There are six design principles within LAVA, according to a recent post on an SAP blog.
One is “lean appearance,” where analytic applications have a “clean, minimal display style that focuses on the data itself versus on irrelevant faux decorations like gradations, drop shadows, or reflective surfaces,” according to the post by Anita Gibbings, director of BI solutions marketing.
LAVA also introduces “points,” or “mini-charts” that deliver information in bite-sized pieces. “Think of them as chart tweets,” she wrote.
A related concept is “channels,” which are “simple containers for displaying and navigating to multiple Points and Charts”; and “boards,” a type of dashboard. “Initially these will be simple containers for Channels and free-standing charts, and will be expanded to provide templates suited to known analytic consumption purposes,” according to the post.
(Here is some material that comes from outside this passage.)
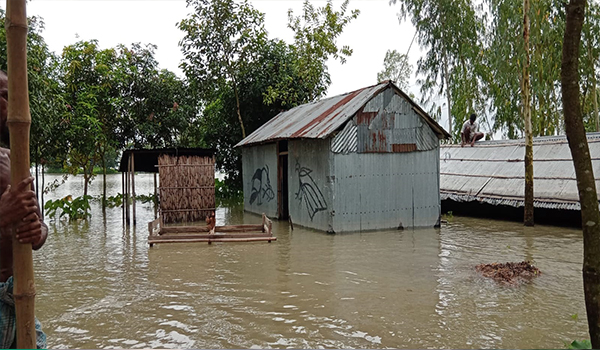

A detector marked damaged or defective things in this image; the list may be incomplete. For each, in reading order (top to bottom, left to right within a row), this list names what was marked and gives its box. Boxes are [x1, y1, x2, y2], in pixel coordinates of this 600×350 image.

rusty metal roof [234, 81, 450, 148]
rusty metal roof [438, 133, 600, 211]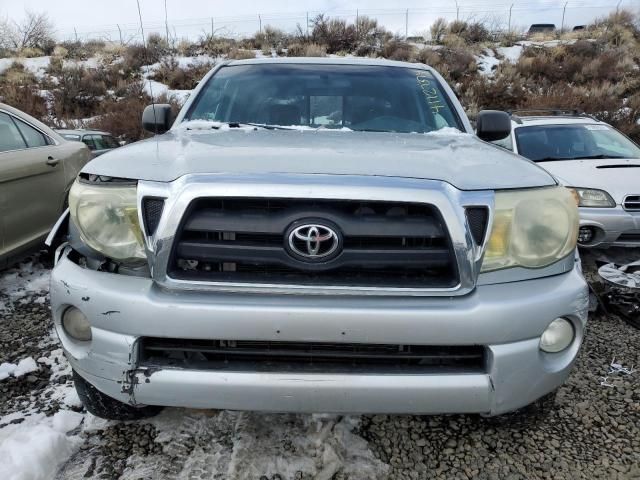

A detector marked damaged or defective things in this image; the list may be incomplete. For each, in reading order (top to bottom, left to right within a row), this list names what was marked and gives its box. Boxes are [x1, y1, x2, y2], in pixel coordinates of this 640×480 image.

damaged bumper section [52, 251, 588, 416]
LAVA’s fifth element involves “lattices.” These are “multi-layer, manipulable bar chart[s], enabling user-driven drill-down filtering and other operations,” according to the post.
Finally, LAVA employs what SAP calls “Sn@p Navigation,” which “enables the fluid creation and curation of visual analytic environments and collections,” Gibbings wrote.
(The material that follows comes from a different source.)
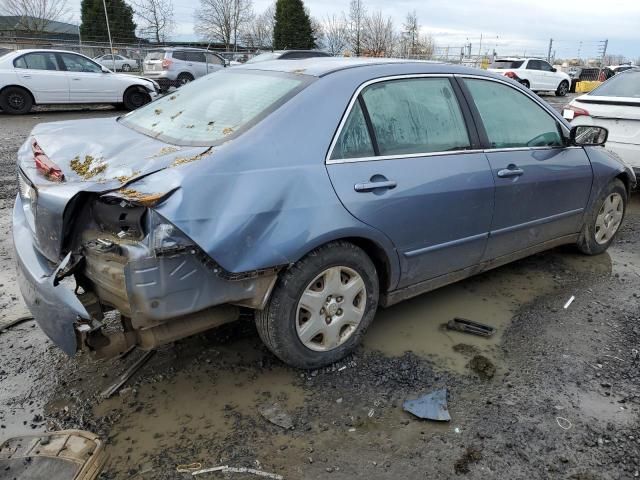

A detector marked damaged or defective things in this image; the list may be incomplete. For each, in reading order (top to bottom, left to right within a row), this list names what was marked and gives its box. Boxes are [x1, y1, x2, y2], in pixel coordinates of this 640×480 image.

broken taillight [31, 141, 65, 184]
damaged sedan [13, 58, 636, 370]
The question now is how quickly SAP manages to fully enmesh LAVA within Business Objects.
An initial step has already been taken, according to Gibbings. “Lean appearance is now the default for SAP visual analytics,” she wrote. Some additional details could be released in “a month or so,” she added.
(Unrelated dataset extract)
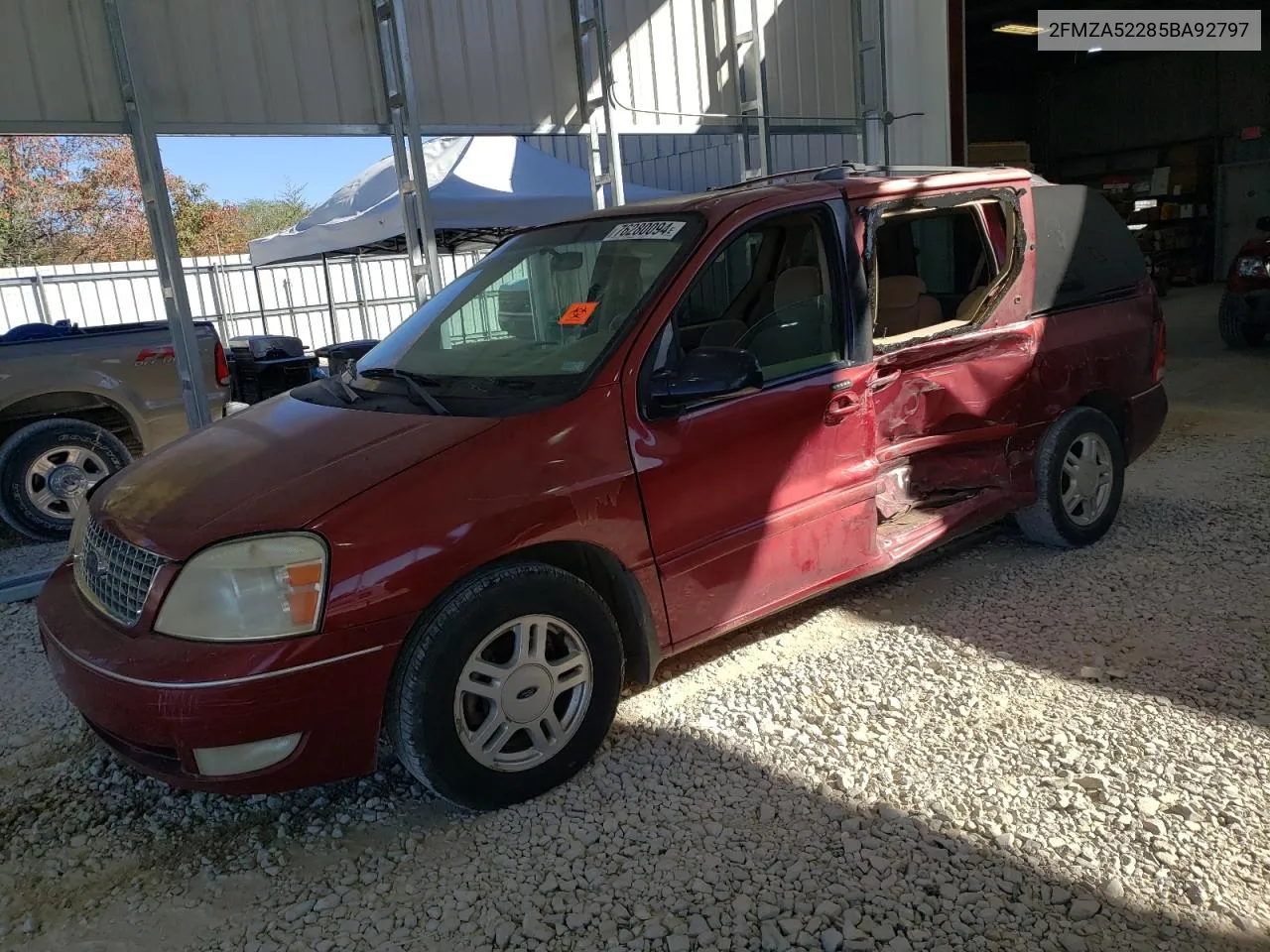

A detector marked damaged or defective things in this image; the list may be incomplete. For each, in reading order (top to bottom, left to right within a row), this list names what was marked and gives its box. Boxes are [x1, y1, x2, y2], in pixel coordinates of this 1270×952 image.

damaged red minivan [37, 168, 1175, 805]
That time frame coincides roughly with SAP’s annual Business Objects user group conference. Further details couldn’t be obtained from SAP on Friday.
One SAP BI expert praised LAVA, saying the approach will help tackle today’s analytic challenges.
“The tools we have [in Business Objects] are extremely powerful and really good at visualizing data,” said Greg Myers, analytics architect and member of the SAP Mentor program for especially involved community members. “What they’re not so good at is visualizing vast amounts of data. That’s where HANA and LAVA come into play.”
HANA is SAP’s in-memory database platform, which has become the central pillar of its software development efforts.
LAVA’s design principles, which emphasize cleaner and simpler ways of getting at data, are also a response to the rise of mobile devices, Myers said.